Por mariomorales
Hay por lo menos dos clases de colombianos, si nos atenemos a la forma de ver la vida, aunque no falta quien les eche la culpa a los genes. Unos que creen con Borges que declararse hijo de esta tierra es cuestión de fe. Y otros que han leído y vivido toda clase de ficciones y que consideran que serlo es cuestión de duda.
Los primeros se formaron con las noticias allende nuestras fronteras que los instalaron en el realismo mágico. Los segundos son hijos putativos de las desilusiones fraguadas entre amores incestuosos al cabo de la constitución del 91 y de los diálogos de paz, ocho años después, en San Vicente del Caguán.
Aquellos son optimistas a morir, saben tocar a rebato las campanas, tienen la creencia del carbonero. Estos, sin quererlo, en cambio nacieron con la tara del escepticismo, del goce frustrado, del agüero castrante de que no hay felicidad completa.
Entre unos y otros se debate el país del 2008. Para unos, el movimientismo, el marchismo y el militarismo que arrinconó a la guerrilla son suficientes motivos para celebrar. Después de las convocatorias del 4-F y del 6-M, y del concierto en la frontera colombo-venezolana, dicen (tal vez creyendo en la fuerza de la palabra) que la paz está a la vuelta de la esquina.
Los otros (más cautos o más amargados, depende de quién los mire) aducen que los armados ilegales sólo saben de marchas forzadas y de movimientos de tropas y de conciertos a ritmo de cilindros bomba y de motosierras, y que las euforias ciudadanas son los síntomas del mismo coro, ya relatado y repetido sin cesar.

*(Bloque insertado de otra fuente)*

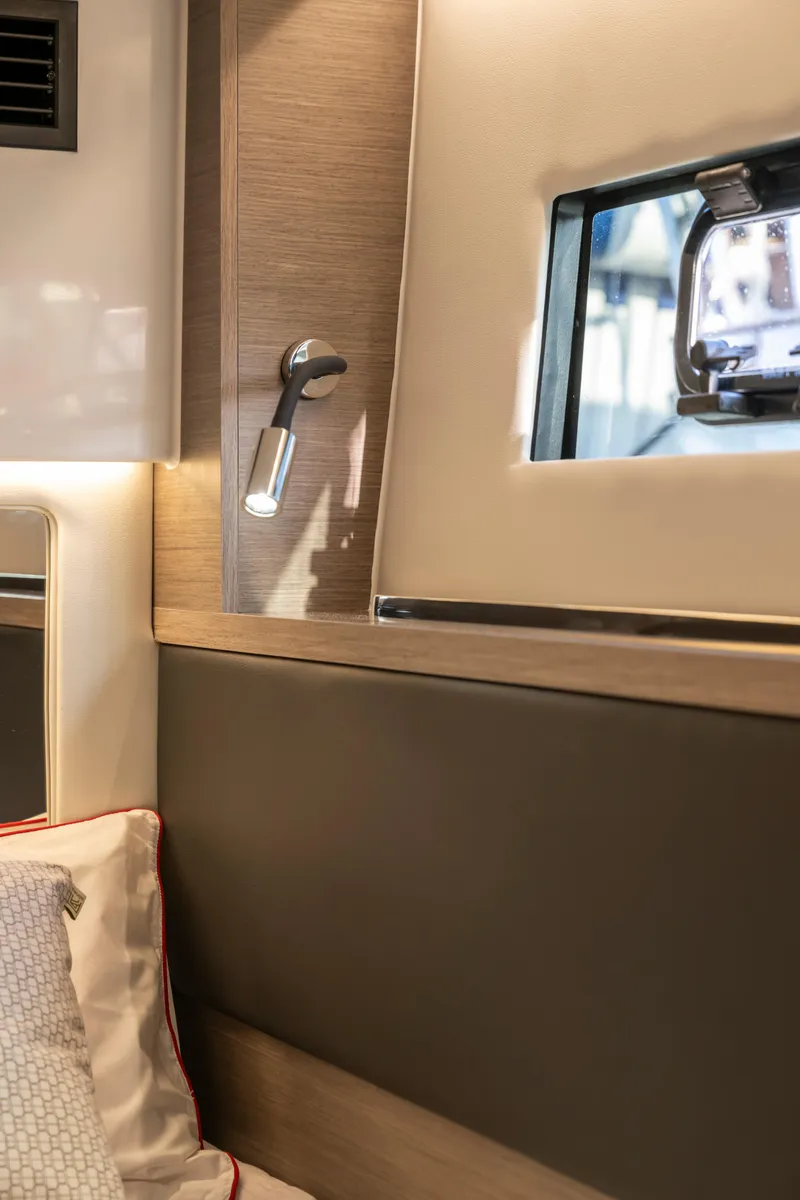 Slide: The Image of Interior of 2026 Jeanneau NC1295 Coupe, featuring modern design and cozy lighting. - 18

Los optimistas echaron voladores (cuando todavía estaba permitido) a la salida del Congresito con la firma de la nueva constitución y bailaron, en Los Pozos, en plena zona de distensión, con parejas de camuflaje al ritmo pegajoso de Marbelle e Iván y sus Bam Bam.
Los escépticos suspiran cuando recuerdan los artículos desechados hace 17 años y la silla vacía en los frustrados diálogos cerca de San Vicente del Caguán, como síntomas del libreto de siempre, de lo que pudo haber sido y no fue.
Los más optimistas ignoran los signos de los tiempos, no creen en las profecías de una recesión, ni en las previsiones de las enormes y dilatadas dificultades que tiene combatir unas guerrillas y unos grupos paramilitares atomizados y desmandados.
Los escépticos creen, por lo mismo dicho antes, que dura más (como en todas las películas de acción y de terror) el desenlace que el resto del guión.
Los optimistas pensarán que con unas cuantas marchas se ablandarán los corazones y se doblegarán las voluntades.
Los escépticos argüirán que no es la población la que necesita ser convencida, víctima como ha sido de la guerra y de sus estertores durante estos últimos 45 años, y que para darle al blanco de la paz hay que apuntarle a la justicia social.
Unos y otros (y los demás que se sientan a verlos pasar o a dudar) saben, no obstante, que no es la primera vez que la sociedad se une, protesta, marcha, canta o se viste de blanco; que las movilizaciones sociales no son invento del siglo veintiuno (aunque sí su narrativa audiovisual); que no es la primera vez que la posibilidad de paz se acaricia como una posibilidad y que se hace ver como algo cercano o inminente; que no es la primera vez que la efervescencia habla y la emoción obnubila.
Unos y otros temen que luego de esas dos grandes desilusiones de la década pasada, debamos olvidarnos de la fe borgiana y de la duda cartesiana y nos toque asumir nuestra realidad macondiana, resumida en ese texto que el incipiente escritor que era García Márquez (pleno de dudas y de creencias) tituló La Tercera Resignación («…Pero estará ya tan resignado a morir, que acaso muera de resignación…»).
Y temen porque, como dirían los escépticos, este país no aguanta otra más. O quizás sí, replicarían los demás.